**Directions**
A line below contains "a bathroom with", and a later one contains "Model standing outdoors". Repeat both, with every line between them, exactly.

**Input records**
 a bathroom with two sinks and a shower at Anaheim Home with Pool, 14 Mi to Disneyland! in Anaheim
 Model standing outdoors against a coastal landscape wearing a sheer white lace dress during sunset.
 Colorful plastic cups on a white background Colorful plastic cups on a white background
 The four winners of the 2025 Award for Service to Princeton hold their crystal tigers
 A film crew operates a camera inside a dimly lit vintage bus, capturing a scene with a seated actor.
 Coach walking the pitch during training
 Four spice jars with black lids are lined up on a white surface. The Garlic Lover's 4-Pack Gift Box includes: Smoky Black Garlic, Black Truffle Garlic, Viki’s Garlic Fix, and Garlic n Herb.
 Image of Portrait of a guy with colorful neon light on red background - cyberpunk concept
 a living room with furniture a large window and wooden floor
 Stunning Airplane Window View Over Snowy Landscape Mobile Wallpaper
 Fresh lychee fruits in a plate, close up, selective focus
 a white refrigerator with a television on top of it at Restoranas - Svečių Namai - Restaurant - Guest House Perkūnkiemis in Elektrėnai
* * *
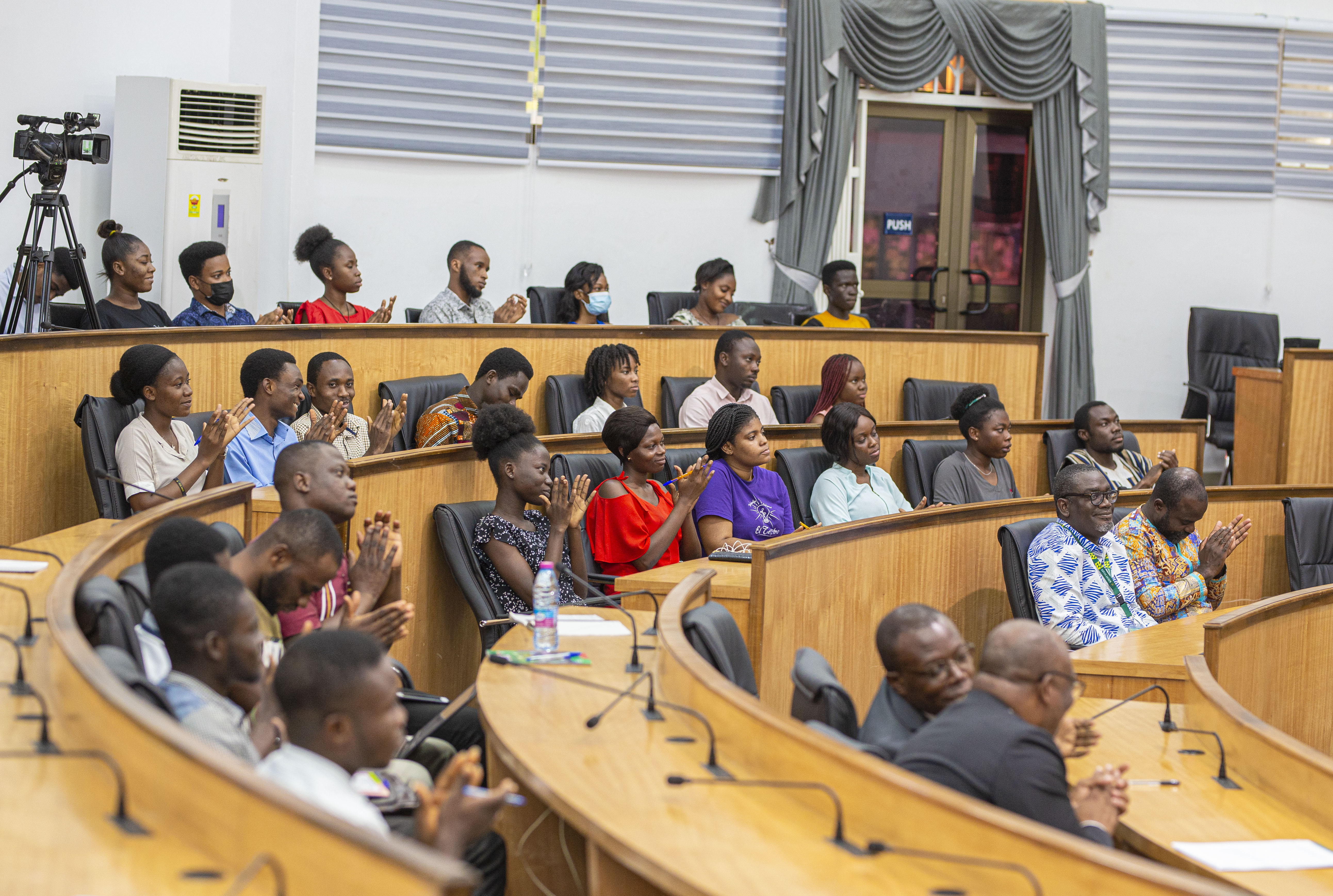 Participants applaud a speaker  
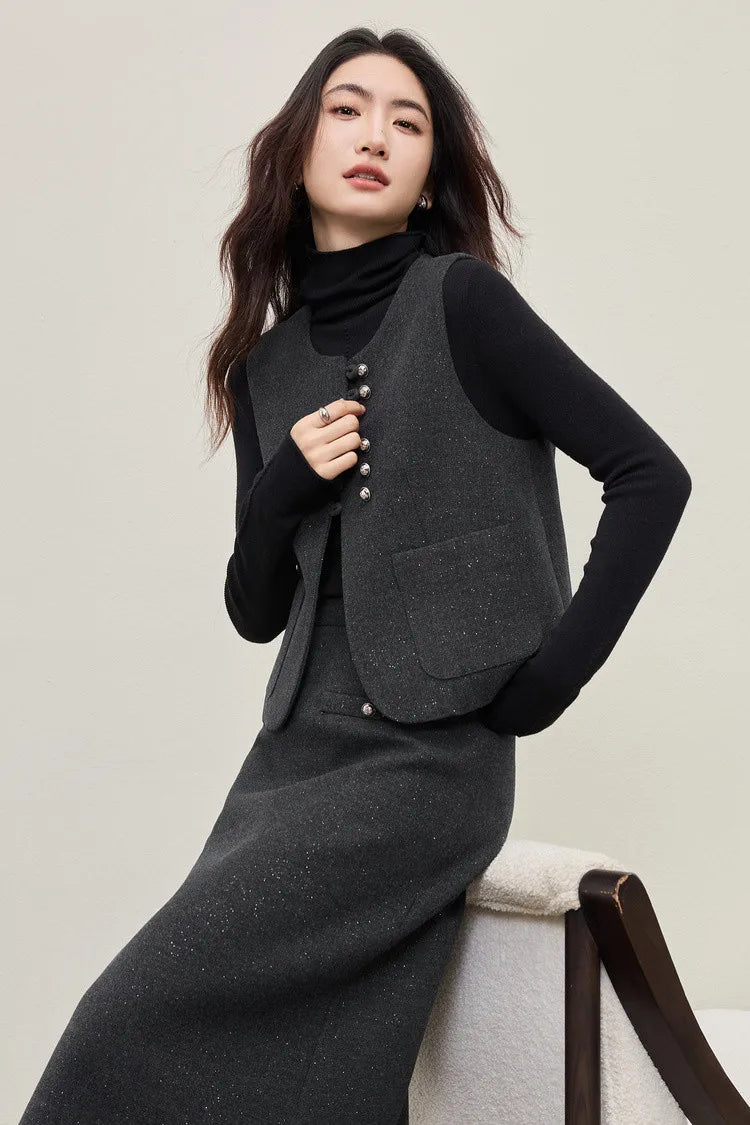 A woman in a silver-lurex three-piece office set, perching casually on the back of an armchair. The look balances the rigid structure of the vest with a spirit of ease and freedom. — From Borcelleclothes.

**Exercise response**
 a bathroom with two sinks and a shower at Anaheim Home with Pool, 14 Mi to Disneyland! in Anaheim
 Model standing outdoors against a coastal landscape wearing a sheer white lace dress during sunset.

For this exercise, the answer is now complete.